O uso de MPs por parte do Poder Executivo atende mais aos interesse do Executivo ou Legislativo?

segunda-feira, 26 de julho de 2021

Atualizado às 10:40

(Imagem: Arte Migalhas)

Com a aprovação da Constituição Federal de 1988, a abertura do crédito extraordinário passou a ser veiculada por meio de medida provisória expedida pelo chefe do poder executivo, não mais prevalecendo os mandamentos contidos na lei no 4.320/64, entretanto, lançar mão de medida provisória para abertura de crédito extraordinário, a fim de cobrir gastos previsíveis, configura autêntico desvio de finalidade conforme (ROCHA, MARCELINO, SANTANA, 2012).

Os créditos extraordinários são abertos por MP no caso federal, nos demais entes subnacionais que possuem tal instrumento em suas Constituições, e por decreto do Poder Executivo, que devem dar ciência imediata dos mesmos ao Poder Legislativo. 

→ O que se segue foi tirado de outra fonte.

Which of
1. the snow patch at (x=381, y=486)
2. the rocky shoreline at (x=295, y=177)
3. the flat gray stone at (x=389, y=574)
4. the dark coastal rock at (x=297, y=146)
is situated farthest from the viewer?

Para o Supremo Tribunal Federal (STF), no âmbito da ação direta de inconstitucionalidade, o uso de MPs pelo chefe do Poder Executivo para abrir crédito extraordinário deve acontecer quando ocorrer um estado de necessidade que obrigue o Estado a adotar providências imediatas de caráter legislativo, inalcançáveis conforme as regras ordinárias do ato de fazer leis, em face do prolongamento de tempo ou que fatalmente decorreriam do atraso na concretização da prestação legislativa.

A banalização da utilização de MPs pelo Governo Federal para fixar gastos públicos é um procedimento condenado pelo parlamento e, mais recentemente, pelo Poder Judiciário por meio da ADIN 4.048/2008.

Mesmo assim, o Executivo, em muitos casos, utiliza a edição de Medidas Provisórias (MPs), que são mais céleres, argumentando urgência e imprevisibilidade, entretanto essa pratica possui aspectos negativos, entre eles o aumento dos riscos de ocorrência da malversação do dinheiro público. Isso por que no período da tramitação da MP existe a possibilidade do relator fazer alteração no conteúdo de acordo com sua bancada ou conveniência, aliás, o relator na nossa avaliação é um pequeno Deus, porque pode, inclusive, incluir os chamados jabutis porque não tem um regramento que o impeça de fazê-lo, o que define se vai ser aprovado ou não são os acordos entre legislativo, executivo e chamada base do governo.

A extensa utilização de MPs é defendida pelo Poder Executivo por causa da celeridade que traz ao processo decisório, pela quase certeza da aprovação da política pretendida, pela impressão de governabilidade e presteza que confere às ações do Executivo. Nota-se o aumento com grande intensidade na definição de despesas obrigatórias de caráter continuado, renúncias de receitas, despesas correntes e, apesar do discurso do Executivo a favor do controle dos gastos públicos.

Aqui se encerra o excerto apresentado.